EXERCISE: From the line containing "Компьютерные системы и" down to the line containing "Nowe rozwiązania dotyczące", copy out the entries below exactly, both lines included, and nothing else; pictures do not belong in the copy.

** Opening RECORDS TO USE block **

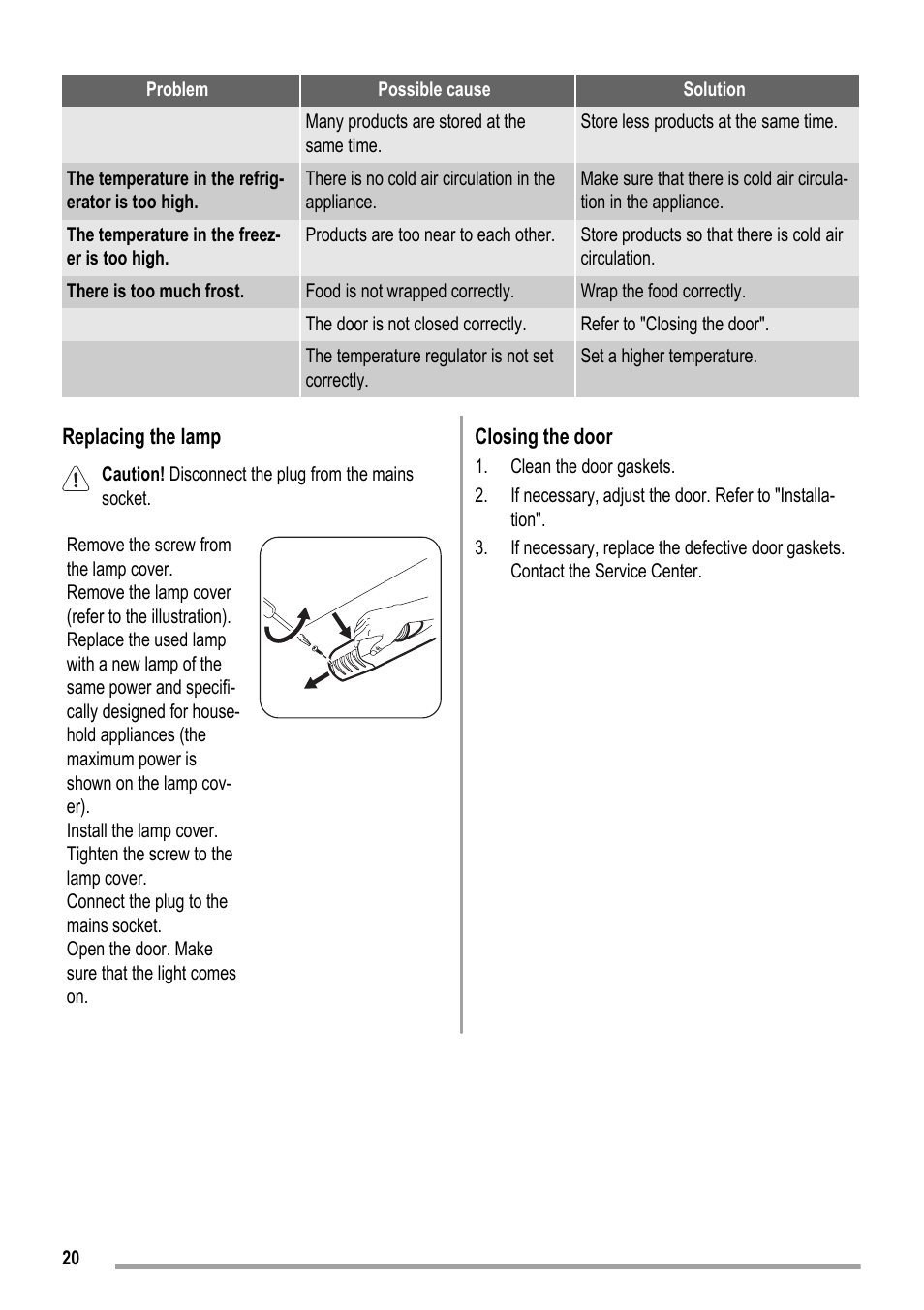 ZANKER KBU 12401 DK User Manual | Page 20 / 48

** Closing RECORDS TO USE block **
** Opening RECORDS TO USE block **

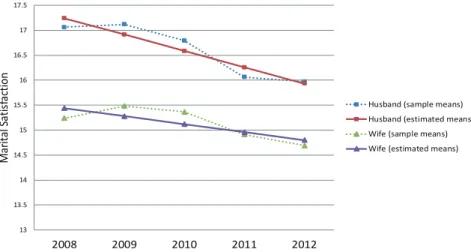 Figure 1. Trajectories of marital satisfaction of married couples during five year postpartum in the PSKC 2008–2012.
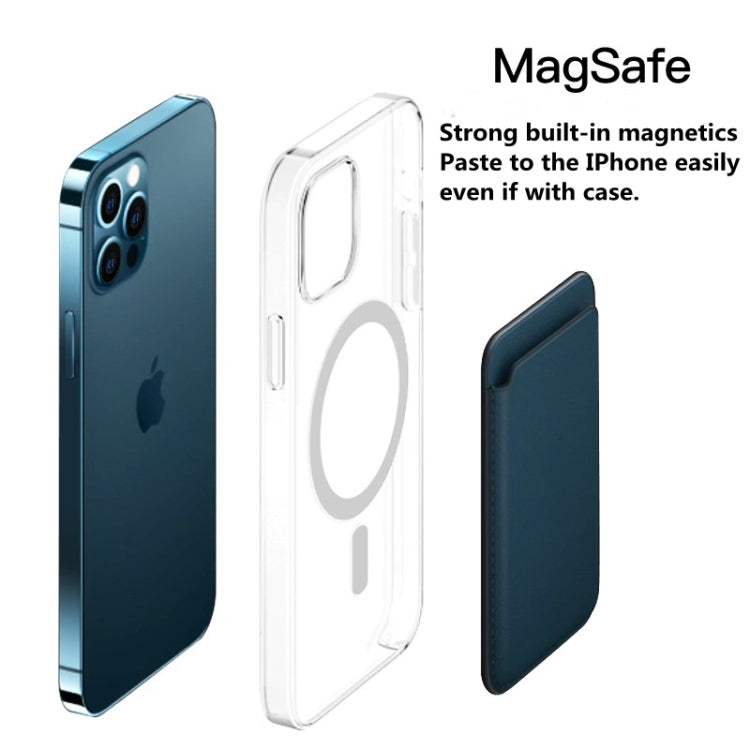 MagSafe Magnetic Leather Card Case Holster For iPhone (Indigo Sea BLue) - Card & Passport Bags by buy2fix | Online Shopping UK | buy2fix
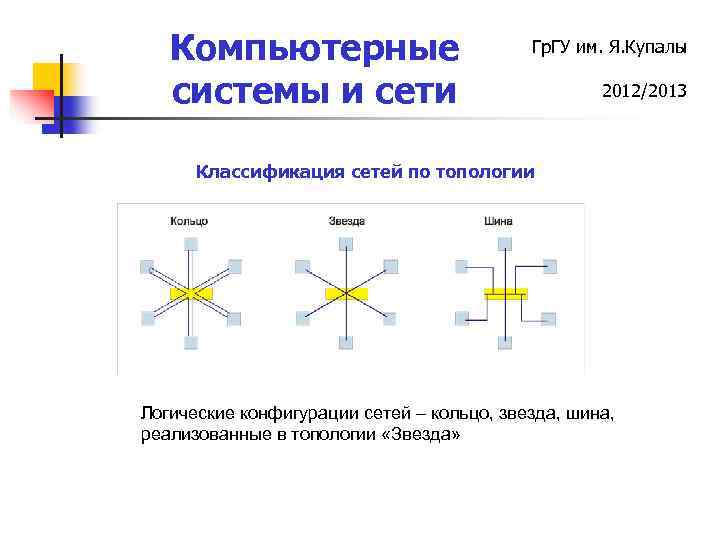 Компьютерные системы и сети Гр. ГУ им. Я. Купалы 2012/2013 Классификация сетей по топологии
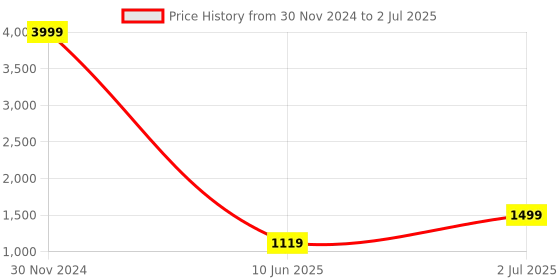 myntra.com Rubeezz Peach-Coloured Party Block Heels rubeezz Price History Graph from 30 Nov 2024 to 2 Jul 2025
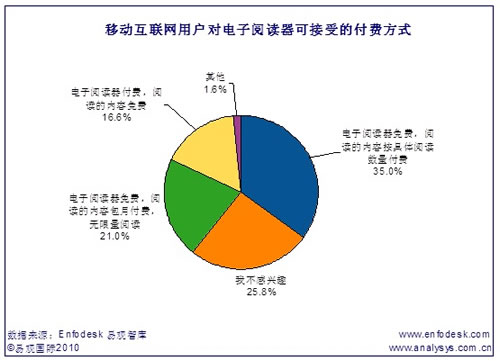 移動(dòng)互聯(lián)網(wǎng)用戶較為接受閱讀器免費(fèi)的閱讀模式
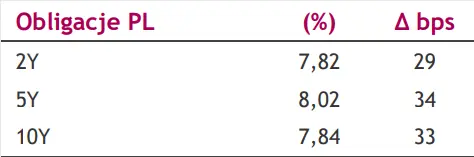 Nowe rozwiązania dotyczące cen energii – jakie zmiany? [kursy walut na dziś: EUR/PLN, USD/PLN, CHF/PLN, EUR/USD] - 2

** Closing RECORDS TO USE block **

REPLY TO THE EXERCISE:
 Компьютерные системы и сети Гр. ГУ им. Я. Купалы 2012/2013 Классификация сетей по топологии
 myntra.com Rubeezz Peach-Coloured Party Block Heels rubeezz Price History Graph from 30 Nov 2024 to 2 Jul 2025
 移動(dòng)互聯(lián)網(wǎng)用戶較為接受閱讀器免費(fèi)的閱讀模式
 Nowe rozwiązania dotyczące cen energii – jakie zmiany? [kursy walut na dziś: EUR/PLN, USD/PLN, CHF/PLN, EUR/USD] - 2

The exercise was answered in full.